COSMolKit aims to be Python-friendly, batch-friendly, and suitable for model-building workflows.

  • Correctness comes before breadth.
  • Public transforms use value semantics.
  • Mutation-capable workflows are explicit.
  • Unsupported chemistry should fail clearly.
  • RDKit-compatible behavior is the correctness floor for supported cheminformatics features.
  • High-throughput APIs should preserve input order and expose per-record failures.

Examples

Python examples live in python/examples/.

Roadmap

Status labels:

  • βœ… available in the public Python API
  • πŸ§ͺ implemented or partially available, still being hardened
  • 🚧 planned / not yet public

Chemistry Core

Goal: keep the supported molecular core correct before expanding breadth.
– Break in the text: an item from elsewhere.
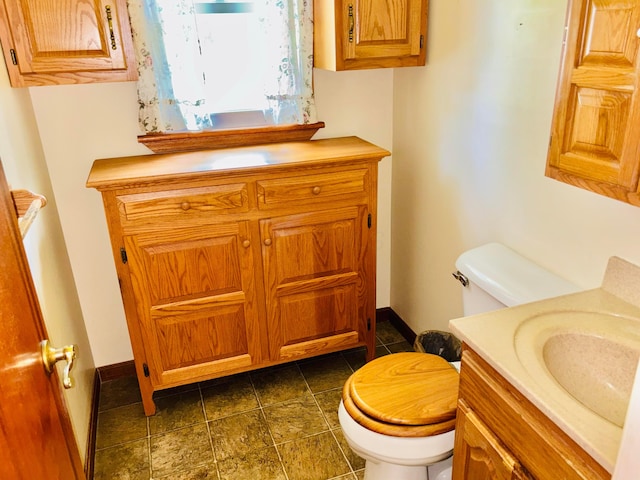 298 N Vernon Ave, Newark, OH 43055 - half bathroom with toilet and vanity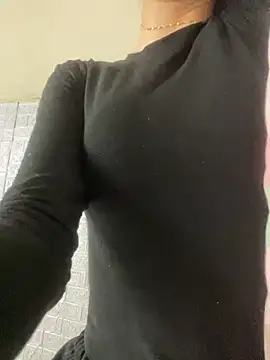 meomeo2k6 online show from 02-27-26, 06:13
  • βœ… Molecule, atom, and bond graph model
  • βœ… SMILES parsing
  • βœ… SMILES writing with RDKit-style writer options for supported branches
  • βœ… Ring perception, valence handling, aromaticity, and Kekulization
  • βœ… Hydrogen addition and removal
  • βœ… Sanitization for supported chemistry workflows
  • βœ… Stereochemistry inspection for supported atom and bond states
  • βœ… Distance-geometry bounds matrices
  • βœ… Morgan fingerprints and Tanimoto similarity
  • πŸ§ͺ Avalon fingerprints
  • πŸ§ͺ Substructure matching and SMARTS parsing
  • 🚧 Broader descriptor APIs such as formula, molecular weight, and ring statistics

File I/O and Depiction

Goal: make common molecule import, export, and visualization workflows usable from Python.

  • βœ… MOL/SDF reading
  • βœ… SDF dataset indexing for large files
  • βœ… SDF writing for supported V2000/V3000 branches
  • βœ… 2D coordinate generation
  • βœ… SVG drawing
  • βœ… PNG export
  • πŸ§ͺ RDKit-style visual parity testing for supported depiction output
  • 🚧 Annotation overlays and richer drawing customization
  • 🚧 3D conformer generation and embedding APIs

Batch-Native Workflows

Goal: make high-throughput molecule preparation and export a core product identity.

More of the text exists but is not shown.